No question is raised regarding the jurisdiction of the courts which imposed the fines and costs, and plaintiffs cannot escape the application of this long-settled rule. The case would be otherwise if the statute under which plaintiffs were prosecuted had later been held unconstitutional. This court has been scrupulous to afford some form of collateral attack to a defendant who asserts a substantial denial of his constitutional rights in the proceedings in which he was convicted. (See People v. Meyerowitz (1975), 61 Ill. 2d 200, 205, citing People v. Sarelli (1973), 55 Ill. 2d 169; People v. Warr (1973), 54 Ill. 2d 487; People v. Pier (1972), 51 Ill. 2d 96; People v. Davis (1968), 39 Ill. 2d 325.) There is no claim, however, that the statute authorizing probation in this case (
In the light of DuMontelle, therefore, the trial court that imposed fines upon the present plaintiffs simply misinterpreted the statute. For purposes of res judicata, however, a trial court‘s erroneous construction of a statute is no more vulnerable to collateral attack than any other form of nonconstitutional error. In Chicago Title & Trust Co. v. Mack (1932), 347 Ill. 480, 486, this court noted that “[a]n erroneous decision arising from the misconstruction of a statute does not render the resulting judgment void,” and the court accordingly refused to allow a collateral attack on the judgment. (See also Lord v. Board of Supervisors (1942), 314 Ill. App. 161.) In the context of Federal habeas corpus, a distinguished commentator has noted that “no one supposes that a person who is confined, after a proper trial, may mount a collateral attack because the court has misinterpreted a law of the United States; indeed the Supreme Court has explicitly decided the contrary even where the error was as apparent as could be.” Friendly, Is Innocence Irrelevant? Collateral Attack on Criminal Judgments, 38 U. Chi. L. Rev. 142, 154 (1970), citing Sunal v. Large (1947), 332 U.S. 174, 91 L. Ed. 1982, 67 S. Ct. 1588.

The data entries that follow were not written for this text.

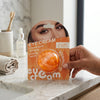 Vitamin C Brightening Under Eye Patches in an eye cream package held by a hand on a marble countertop.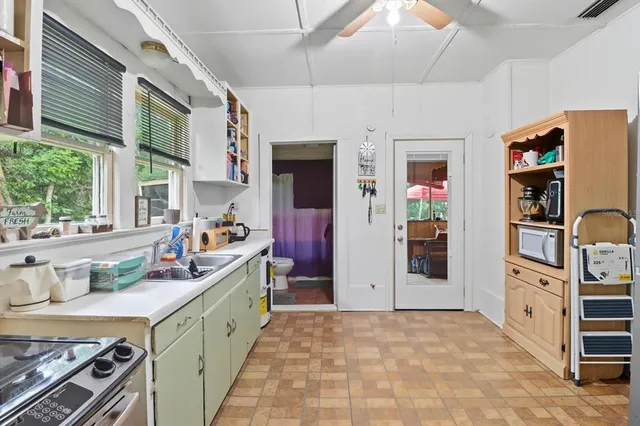 a kitchen with stainless steel appliances granite countertop a refrigerator and a stove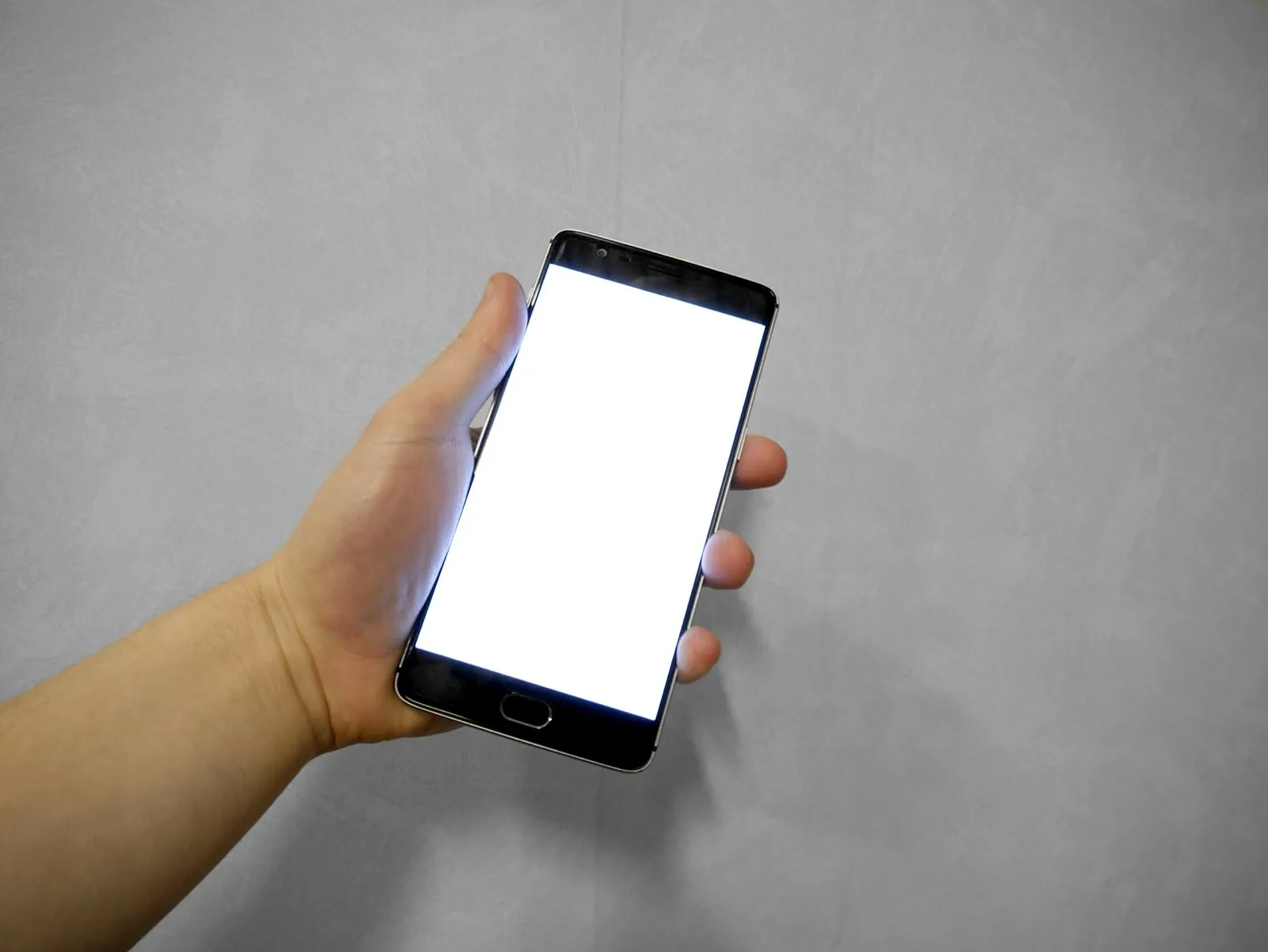 Mão de uma pessoa segurando um smartphone com tela branca em branco, contra um fundo cinza liso.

Plaintiffs here could have objected to the imposition of the fines as a condition of probation. If their objections had been overruled, they could have appealed. Having failed to do so, they have allowed the trial court judgments to become res judicata and cannot now attack them. As Mr. Justice Douglas said in Sunal v. Large (1947), 332 U.S. 174, 182, 91 L. Ed. 1982, 1989, 67 S. Ct. 1588, 1593:
“If defendants who accept the judgment of conviction and do not appeal can later renew their attack on the judgment *** litigation in these criminal cases will be interminable. Wise judicial administration of the *** courts counsels against such course, at least where the error does not trench on any constitutional rights of defendants nor involve the jurisdiction of the trial court.”
I would affirm the judgment of the circuit court dismissing the complaints.
MR. CHIEF JUSTICE GOLDENHERSH joins in this dissent.